An August attack on Twilio, which led to a breach of Signal and other downstream clients, was not the first by that particular threat actor. An investigation into the Twilio hack has turned up an earlier breach by the same party, in which a vishing attack was used to steal a smaller amount of customer information.
The earlier incursion by the Twilio hacker was apparently detected after half a day and limited to taking some amount of customer contact information. After successfully deploying a vishing attack in June, that same attacker would come back in August with an SMS text message campaign that afforded it even greater access to Twilio’s internal network.
Twilio vishing attack fooled an employee prior to SMS phishing campaign
The hacking group 0ktapus is thought to be behind the Twilio hacks; the group earned its name by going on a major campaign in recent months that targeted business clients of the Okta access management platform. The group’s primary approach has been to send SMS messages to targets that direct them to a fake Okta login page, but it appeared to test out vishing attacks as a strategy first.
Vishing attacks are seeing something of a resurgence, as companies increasingly push multi-factor authentication methods that are not easy for hackers to address via the traditional route of email phishing. Over the phone, the attacker only needs to convince the target to complete the login process for them to gain access. These attacks do still incorporate an email approach at times, however, sometimes making first contact with a spoofed email directing the employee to call a fake IT staff member or customer service agent.

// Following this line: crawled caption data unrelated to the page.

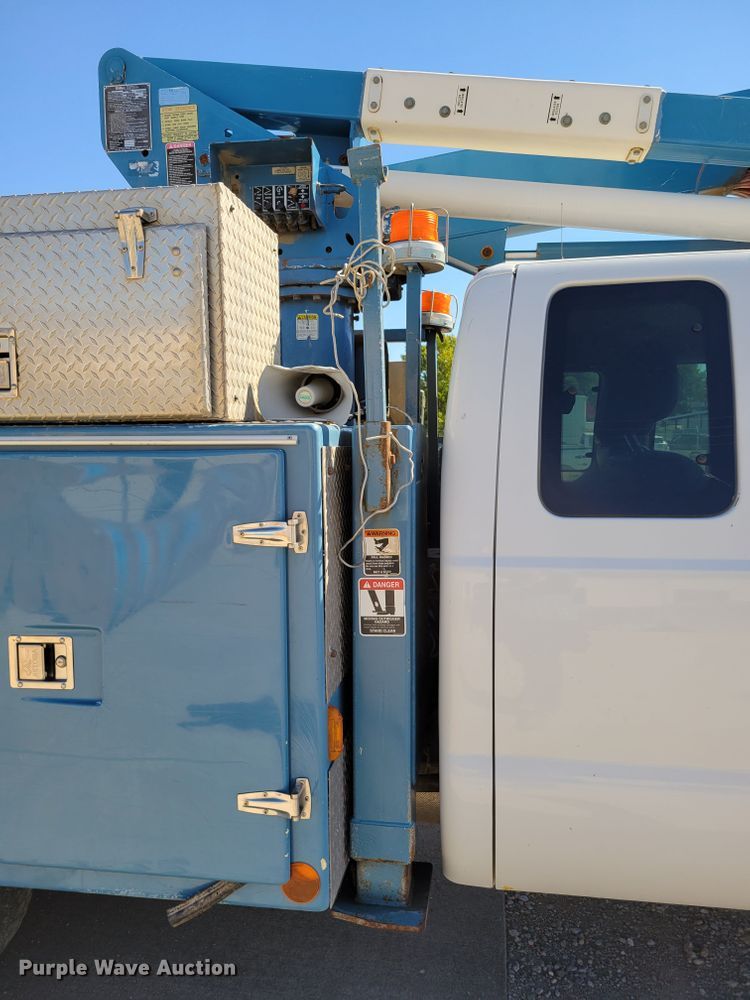 image for item DM8046 2011 Ford F550 Super Duty XL  SuperCab bucket truck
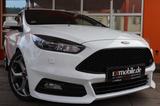 Ford FOCUS TURNIER ST* LEDER SPORT PAKET* BI-XENON* - Ford Focus: Sport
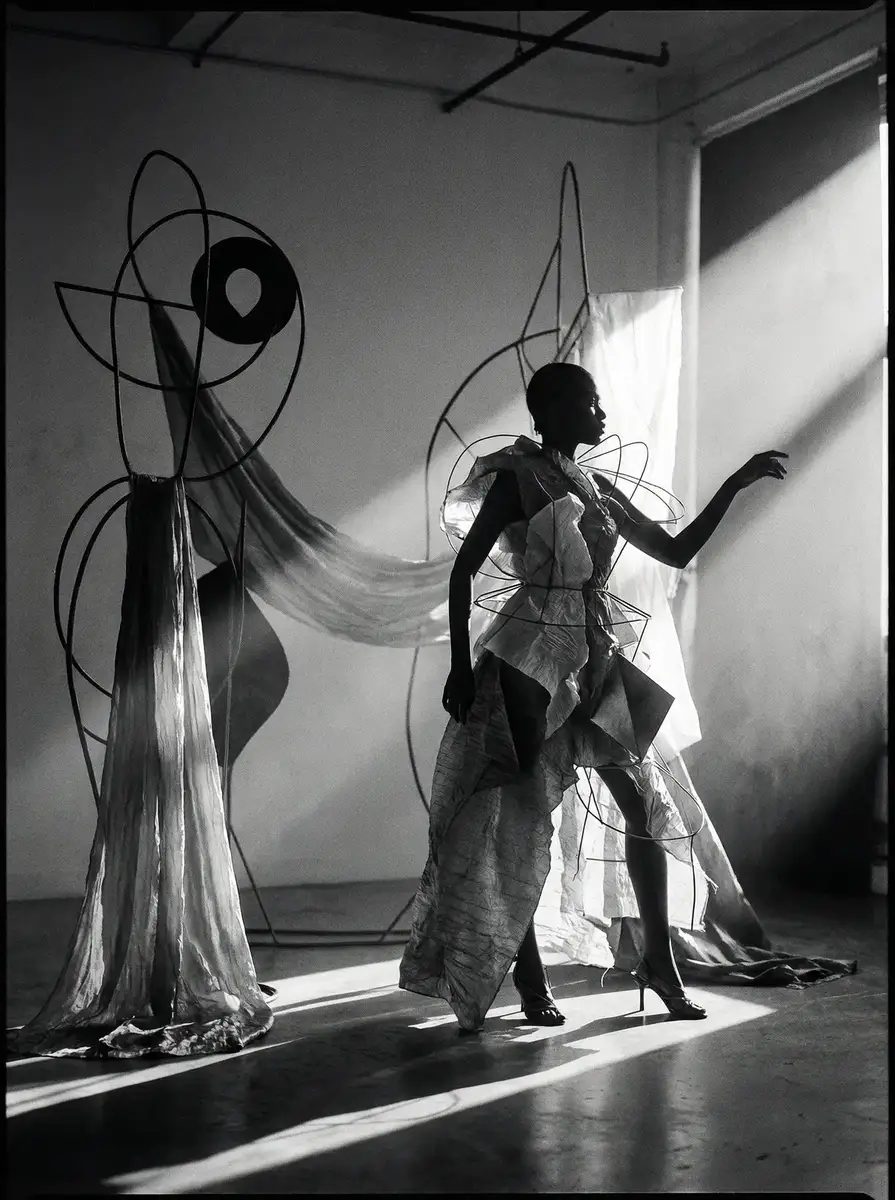 体育竟猜足球app 灵感橱窗 先锋艺术装置时装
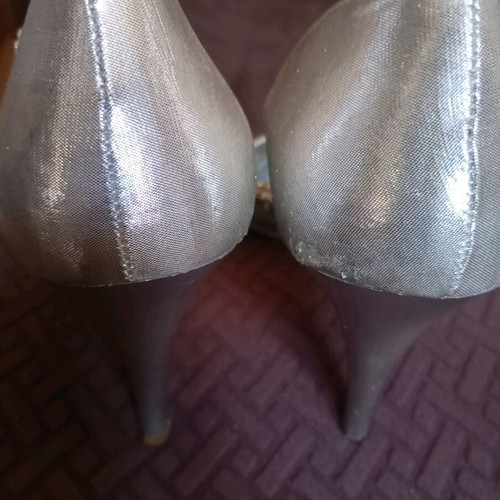 Leather silver pumps like new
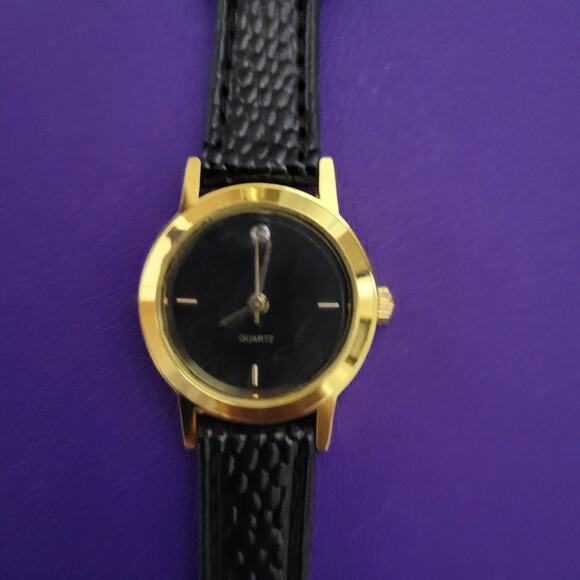 Vintage Women's SKC Black Leather Embossed Croc Print Watch - Picture 6 of 9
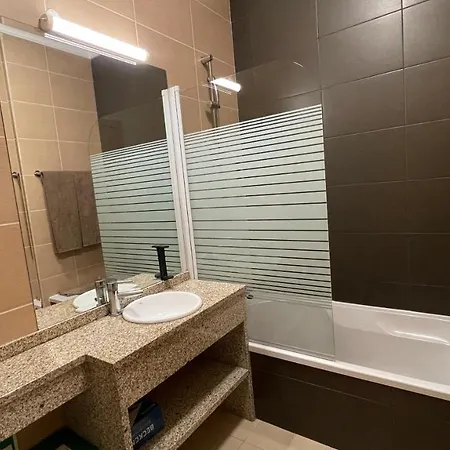 Oura Oasis A - Shared Pool - 4 Guests - Διαμέρισμα *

Twilio hacks focused on phone-based verification to penetrate company network
The initial vishing attack was successful in convincing an employee to give up their login credentials, but it appears that the attacker was only able to access a “limited” amount of customer contact information in that incident. The Twilio hackers eventually decided on an SMS phishing campaign, breaching about 130 companies over a period of several months.
Impacted Twilio customers were notified of the June attack not long before the August attack began. The connection between the two attacks was discovered during the post-mortem investigation of that second attack. Twilio also found that 209 of the company’s 270,000 customer accounts were impacted by the second attack, and only 93 of the roughly 75 million end users of the Authy authenticator app. Neither of the attacks provided access to authentication tokens or other customer credentials.
The Twilio hack prompted some changes at the company, as it announced that it would be distributing hardware security keys and requiring 2FA in the future as means of heading off future smishing and vishing attacks.